24 Toen scheidde ik twaalf uit van de oversten der priesteren: Serebja Hasabja, en tien van hun broederen met hen.
Then I separated twelve of the chief of the priests, Sherebiah, Hashabiah, and ten of their brethren with them,
25 En ik woog hun toe het zilver, en het goud, en de vaten, zijnde de offering van het huis onzes Gods die de koning en zijn raadsheren, en zijn vorsten, en gans Israel, die er gevonden werden, geofferd hadden;
And weighed to them the silver, and the gold, and the vessels, [even] the offering of the house of our God, which the king, and his counselors, and his lords, and all Israel [there] present, had offered:
26 Ik woog dan aan hun hand zeshonderd en vijftig talenten zilvers, en honderd zilveren vaten in talenten; aan goud, honderd talenten;
I even weighed to their hand six hundred and fifty talents of silver, and silver vessels a hundred talents, [and] of gold a hundred talents;
27 En twintig gouden bekers, tot duizend drachmen; en twee vaten van blinkend goed koper, begeerlijk als goud.
Also twenty basins of gold, of a thousand drams; and two vessels of fine copper, precious as gold.
28 En ik zeide tot hen: Gij zijt heilig den HEERE, en deze vaten zijn heilig; ook dit zilver en dit goud, de vrijwillige gave, den HEERE, den God uwer vaderen.
And I said to them, Ye [are] holy to the LORD; the vessels [are] holy also; and the silver and the gold [are] a free-will-offering to the LORD God of your fathers.
29 Waakt en bewaart het, totdat gij het opweegt, in tegenwoordigheid van de oversten der priesteren en Levieten, en der vorsten der vaderen van Israel, te Jeruzalem, in de kameren van des HEEREN huis.
Watch ye, and keep [them], until ye weigh [them], before the chief of the priests and the Levites, and chief of the fathers of Israel, at Jerusalem, in the chambers of the house of the LORD.
30 Toen ontvingen de priesters en de Levieten het gewicht des zilvers en des gouds, en der vaten, om te brengen te Jeruzalem, ten huize onzes Gods.

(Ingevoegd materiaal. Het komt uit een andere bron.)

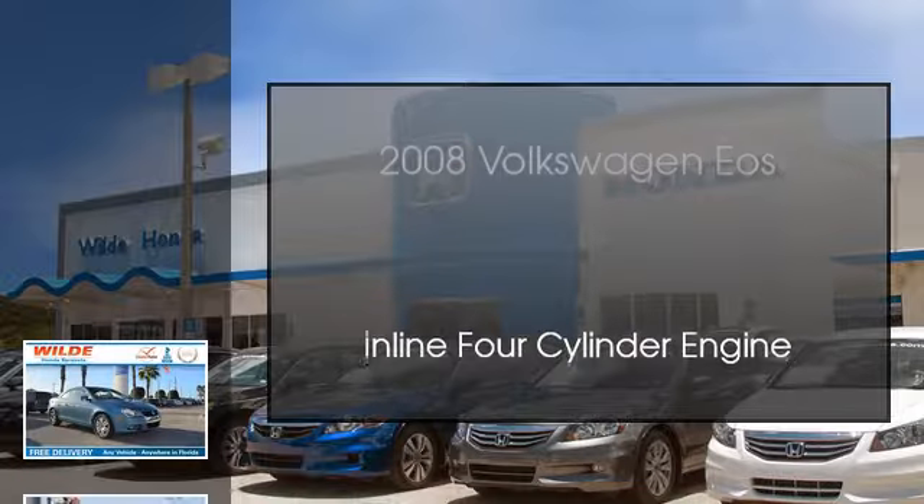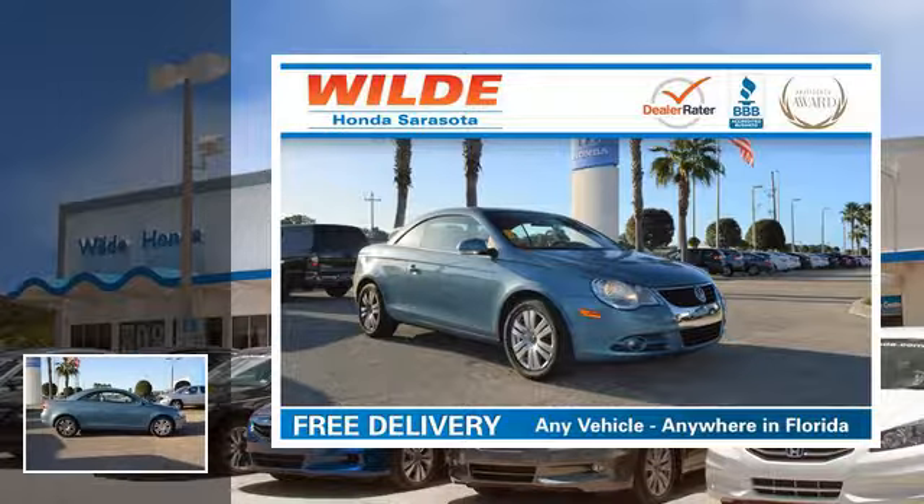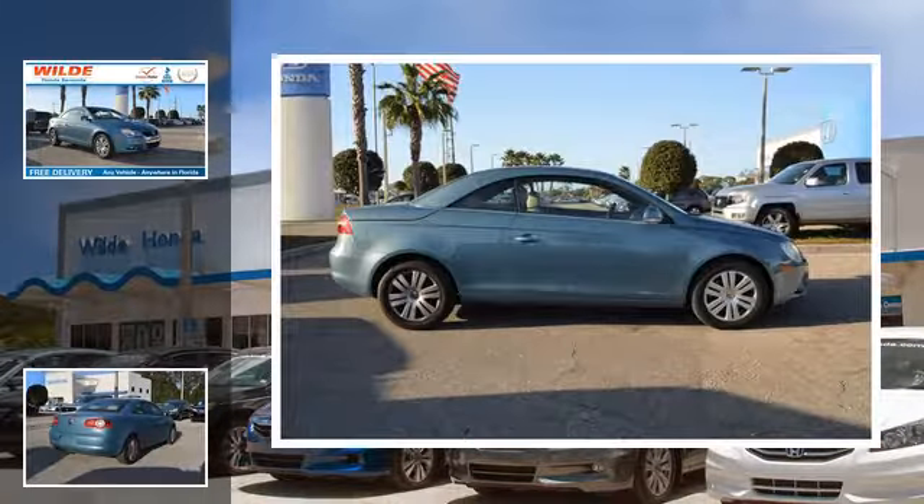This is a 2008 Volkswagen EOS. This convertible has an automatic transmission and an inline four-cylinder engine.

So the priests and the Levites took the weight of the silver, and the gold, and the vessels, to bring [them] to Jerusalem to the house of our God.
31 Alzo verreisden wij van de rivier Ahava, op den twaalfden der eerste maand, om te gaan naar Jeruzalem; en de hand onzes Gods was over ons, en redde ons van de hand des vijands, en desgenen, die ons lagen legde op den weg.
Then we departed from the river Ahava on the twelfth [day] of the first month, to go to Jerusalem: and the hand of our God was upon us, and he delivered us from the hand of the enemy, and of such as lay in wait by the way.
32 En wij kwamen te Jeruzalem; en wij bleven aldaar drie dagen.
And we came to Jerusalem, and abode there three days.
33 Op den vierden dag nu werd gewogen het zilver, en het goud, en de vaten, in het huis onzes Gods, aan de hand van Meremoth, den zoon van Uria, den priester, en met hem Eleazar, de zoon van Pinehas; en met hem Jozabad, de zoon van Jesua, en Noadja, de zoon van Binnui, de Levieten.
Now on the fourth day was the silver and the gold and the vessels weighed in the house of our God by the hand of Meremoth the son of Uriah the priest; and with him [was] Eleazar the son of Phinehas; and with them [was] Jozabad the son of Jeshua, and Noadiah the son of Binnui, Levites;
34 Naar het getal en naar het gewicht van dat alles; en het ganse gewicht werd ter zelfder tijd opgeschreven.
By number [and] by weight of every one: and all the weight was written at that time.
35 En de weggevoerden, die uit de gevangenis gekomen waren, offerden den God Israels brandofferen; twaalf varren voor gans Israel, zes en negentig rammen, zeven en zeventig lammeren, twaalf bokken ten zondoffer; alles ten brandoffer den HEERE.
[Also] the children of those that had been carried away, who had come out of the captivity, offered burnt-offerings to the God of Israel, twelve bullocks for all Israel, ninety and six rams, seventy and seven lambs, twelve he-goats [for] a sin-offering: all [this was] a burnt-offering to the LORD.
36 Daarna gaven zij de wetten des konings aan des konings stadhouders en landvoogden aan deze zijde der rivier; en zij bevorderden het volk en het huis Gods.
And they delivered the king's commissions to the king's lieutenants, and to the governors on this side of the river: and they furthered the people, and the house of God.